There are things that work in literature that simply do not work when they are adapted into movies. I can think of no better example that One Day, which was a very good book and is now a very bad movie. The screenplay was written by David Nicholls, who also wrote the book, and actually follows the events of the book very closely. All that’s missing is the emotions in the film. I don’t even think I can blame stars Anne Hathaway or Jim Sturgess, who are good looking and at times charming in the movie. But the story of Em and Dex, that so moved me in the book, left me cold when I saw the movie. The biggest mistake the filmmakers made, I think, was thinking that the book would work as a move in the first place.
The movie, like the book, checks in with Emma (Hathaway) and Dexter (Sturgess) every July 15th for approximately 20 years – from their drunken first meeting, when sex seems to be in the air, to their evolving friendship, to the breakdown of that friendship to the rebuild of something more. As a book, this worked, but as a movie it does not. The characters never really get a chance to breath – and there are times when it seems like 5 years have gone by in the span of 10 minutes. Perhaps a TV miniseries, with each year given a half hour, would have worked. It would allowed the characters the space and time they needed to chart this evolving relationship, and make the characters three dimensional. Instead, we get a dumbed down version of the book. The movie is essentially a Coles Notes version of the book.
We know from the beginning that Emma and Dexter belong together – but something keeps getting in the way. They first meet at a graduation party, so the possibility of a University romance is thwarted as they’re both about to leave. He’s from a rich family, so he’ll soon be gone travelling the world for a few years, before coming back, getting into TV, and falling into a cycle of partying, drinking and drugs.

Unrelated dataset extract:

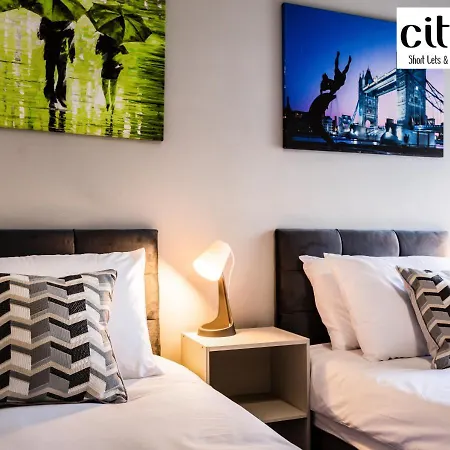 Four Bedroom House By Citipad - Easy Access To London Bridge, Victorica, St Pancres Station *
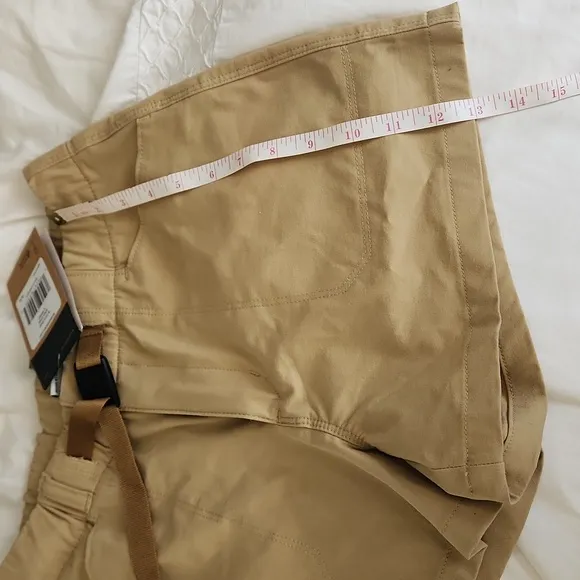 NWT North Face Khaki Field Shorts Size 2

She’s from a poorer family, so takes a job as a waitress at a crappy restaurant, waiting for her writing career to take off, eventually becoming a teacher, before finding success. At every point, either one or the other, or sometimes both, are unavailable, so they remain friends – even though the connection they share is deeper than that.
The movie, quite simply, feels rushed. They have to jam 20 years into just over 100 minutes, so many years are given the shaft, and we never get to know them as individuals, let alone what their relationship is really like. And the movie – either in the writing or editing stage – jettisons much of what makes these characters well rounded, eliminating some of the less sympathetic things each does (Emma’s affair with her married boss, Dexter trying to make a booty call while watching his infant daughter for the night for example were both in the book, but ignored for the movie). As soon as the movie starts to settle down and get into a groove, we flash forward yet another year, and have to start all over again.
Would I have liked the movie had I not read the book? Perhaps a little more than I did, but probably not much. The movie is too scattershot to be truly involving, and there is a real possibility that without having read the book, and as such been able to fill in the blanks the movie leaves, that I would have found it even less satisfying.
Directed by Lone Scherfig, who did such a great job with An Education a few years ago, One Day seems to me to be miscalculated. The movie needed to find a way to take the books literary structure, and make it more cinematic, and they failed miserably. Even something as seemingly small as the way they reveal the date change in every scene annoyed me (way too “cutesy” and groan inducing). Many directors experience a “sophomore slump” after making a successful debut, and I hope that’s all this is for her. One Day, as a movie, simply does not work.